> **Directions for this task**: Return nothing but the lines from the one with "嘉實(shí)多（Castrol）極護智E版 全合成機油 潤滑油" through the one with "Anupmaa 25 July" in the data below, word for word and without pictures.
====== Records to use
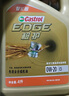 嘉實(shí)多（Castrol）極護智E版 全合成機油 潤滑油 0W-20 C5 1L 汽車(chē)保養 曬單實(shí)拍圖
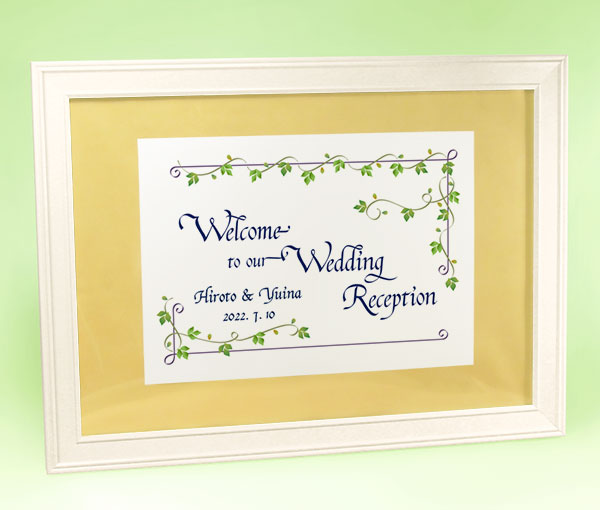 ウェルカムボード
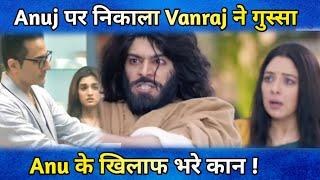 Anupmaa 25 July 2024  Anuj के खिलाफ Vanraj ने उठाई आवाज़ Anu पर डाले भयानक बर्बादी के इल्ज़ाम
============
====== Records to use
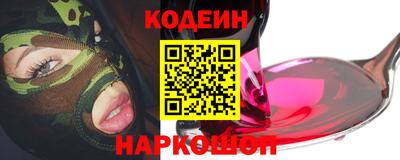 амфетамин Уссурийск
============
> **Solved problem**:
 嘉實(shí)多（Castrol）極護智E版 全合成機油 潤滑油 0W-20 C5 1L 汽車(chē)保養 曬單實(shí)拍圖
 ウェルカムボード
 Anupmaa 25 July 2024  Anuj के खिलाफ Vanraj ने उठाई आवाज़ Anu पर डाले भयानक बर्बादी के इल्ज़ाम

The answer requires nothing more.